Trump’s stance gets strong backing from Minnesota’s three Republicans in Congress, who see an escalating trade war as necessary to combat China’s unfair trade practices and intellectual property theft too long tolerated by previous administrations. “For years, China has not been held accountable for perpetrating unfair trade practices,” U.S. Rep. Tom Emmer told the Star Tribune last week.

But members of the Minnesota Business Partnership, which represents CEOs from some of the state’s biggest, best-capitalized corporations, believe the financial consequences of the president’s latest moves could be dire for their companies, as well as a “broad swathe of people and businesses,” said executive director Charlie Weaver.

“We share the same goal as the president — to level the playing field with China for Americans, but these tactics are causing extensive collateral damage to Minnesota companies,” Weaver said. “This is not a New York real estate deal like the president is used to where you bluster and bluff.”

For companies such as snowmobile- and all-terrain vehicle-maker Polaris Industries, a crash would be ruinous. The company uses some Chinese parts in its products. Company officials have said that the tariffs now being applied and planned could take away about a third of Polaris Industries’ net income.

In annual reports Target Corp. carries a standard warning that may soon come to pass:

“A large portion of our merchandise is sourced, directly or indirectly, from outside the U.S., with China as our single largest source, so any major changes in tax or trade policy, such as the imposition of additional tariffs or duties on imported products, could require us to take certain actions, such as raising prices on products we sell.”

Business leaders and economists worry that both sides are dug in so deeply with the latest tit-for-tat tariffs that their ability to reach a compromise while saving face politically is uncertain. If that can’t happen, Weaver, like Kehoe, sees widespread consumer price hikes within months.

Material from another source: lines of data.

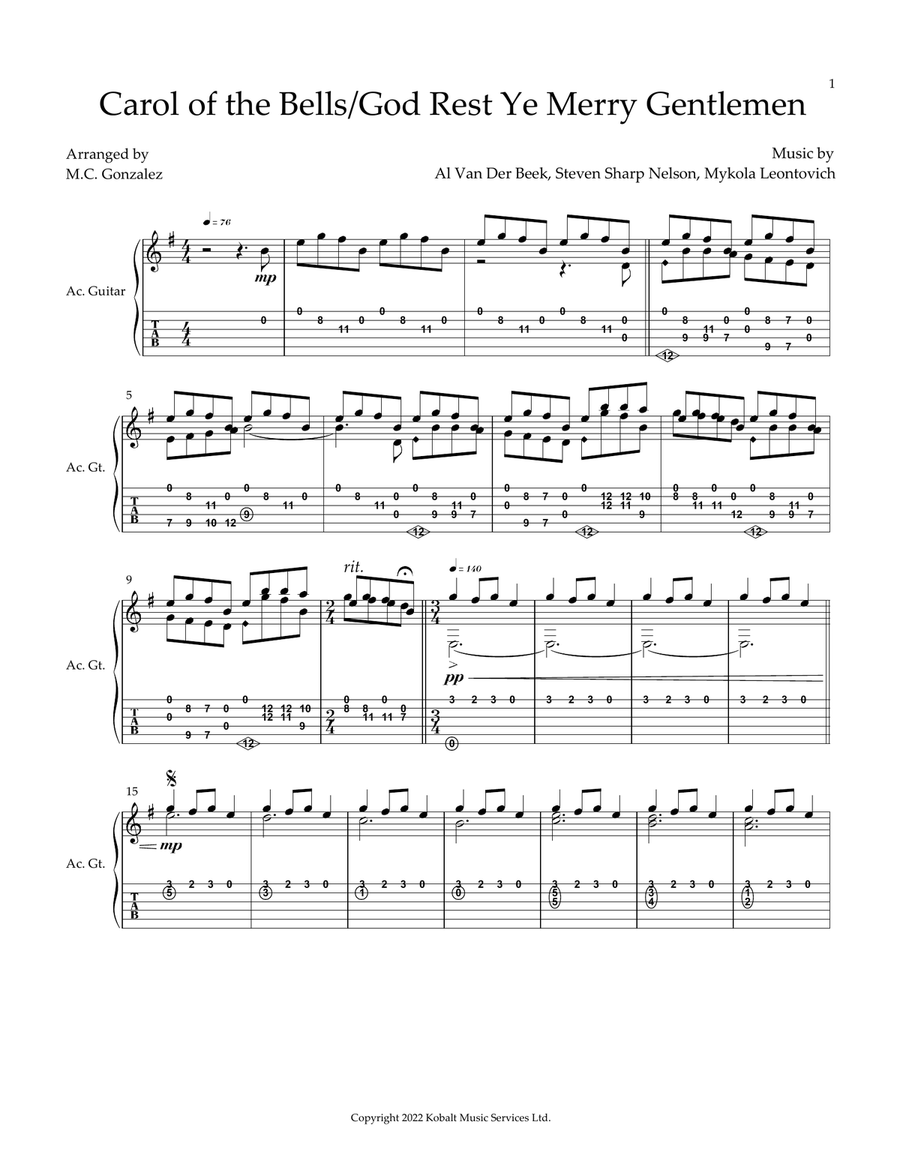 Carol Of The Bells/god Rest Ye Merry Gentlemen Acoustic Guitar scores gallery preview page 1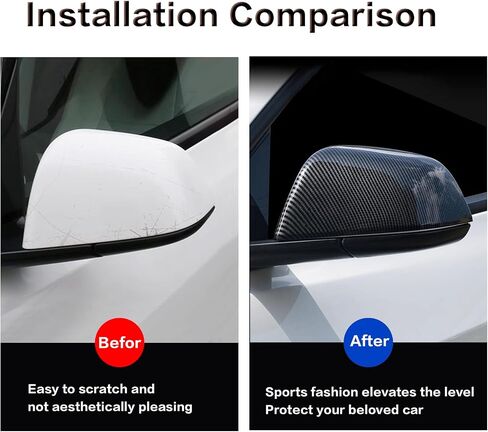 Rearview Mirror Guard Cover for 2020-2024 Tesla Model Y Side Mirror Cover External Accessories (Glossy Black, Model Y) in Saudi Arabia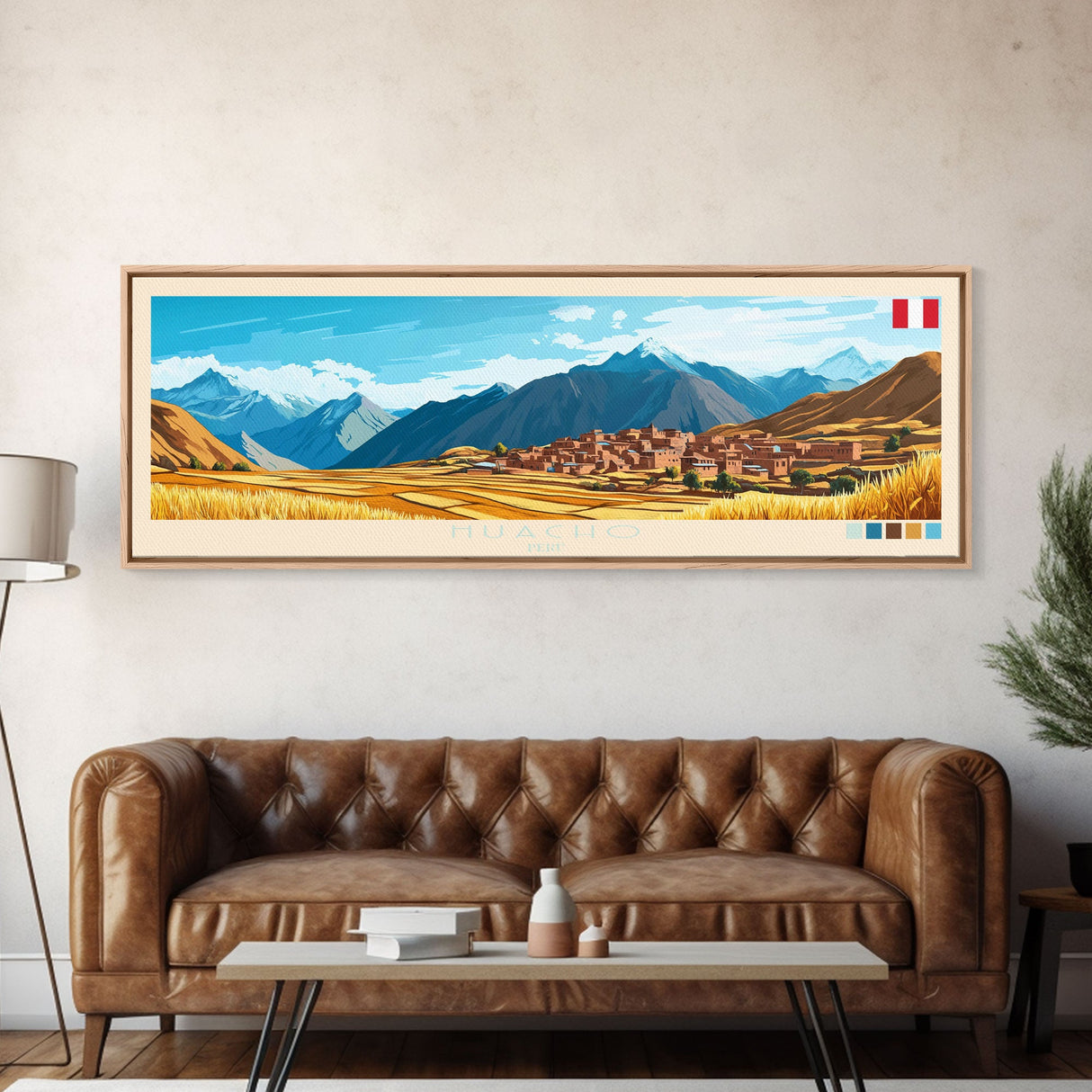 Huacho, Peru Panoramic Travel Poster Canvas Print, Huacho, Peru Painting, Peru Art, Huacho Travel Art, Guest Room Painting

In recent days, the economic damage of the trade war has extended to Minnesotans with stock market investments. The Dow Jones industrial average sank more than 600 points Monday on news that China had retaliated to the increase in U.S. tariffs. The Dow Jones loss was recouped by week’s end. But market swings of several hundred points are likely to continue if the trade war cannot be settled.

Those who watch trade policy closely disagree on the long-term risk to the markets and the economy.

University of Minnesota trade specialist Robert Kudrle believes taxing all Chinese imports to the U.S. invites retaliation and uncertainty that could resonate through the world economy.

“It’s uncharted territory,” Kudrle said. “The president was right to make trade with China an issue. But he was wrong in every way he went about it.”

Jim Paulsen, chief investment strategist of the Leuthold Group, said the trade war may signal a new era of conflict between countries that can no longer afford to fight militarily.

“We may see more of this in future years because going to a military option is off the table,” Paulsen said. Paulsen sees little risk to the underlying economy or the markets because overall growth is strong, savings are up, debt is down and there is no stress on banks. A trade war raises costs to everyone, Paulsen said. But the actual costs are negligible compared to the cost of misperceptions.

“The risk of this is not fundamental economics,” he said. “The risk is if it creates panic. Let’s say the Dow drops 2,500 points and business freezes up. If you stop investing, the world economy free falls.”